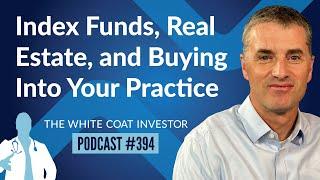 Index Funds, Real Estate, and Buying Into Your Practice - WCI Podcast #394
==
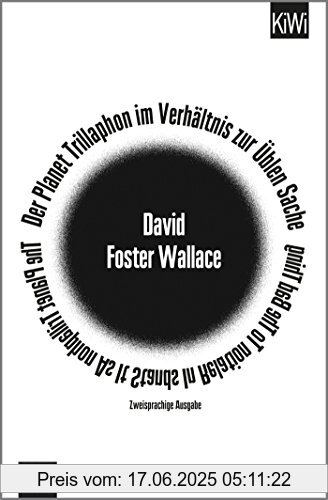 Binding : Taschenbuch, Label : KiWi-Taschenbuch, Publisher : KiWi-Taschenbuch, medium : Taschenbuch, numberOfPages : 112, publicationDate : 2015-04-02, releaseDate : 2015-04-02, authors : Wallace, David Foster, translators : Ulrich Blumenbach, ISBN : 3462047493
==
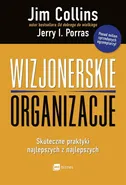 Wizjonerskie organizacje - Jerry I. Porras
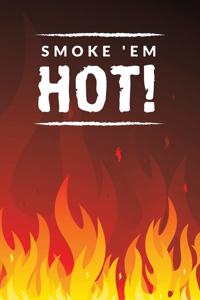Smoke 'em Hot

Activity » What should come back is an exact copy of the lines above from the line with "Wizjonerskie organizacje - Jerry I. Porras" to the line with "Smoke 'em Hot", both included, minus the pictures.

Solution for this task »
 Wizjonerskie organizacje - Jerry I. Porras
Smoke 'em Hot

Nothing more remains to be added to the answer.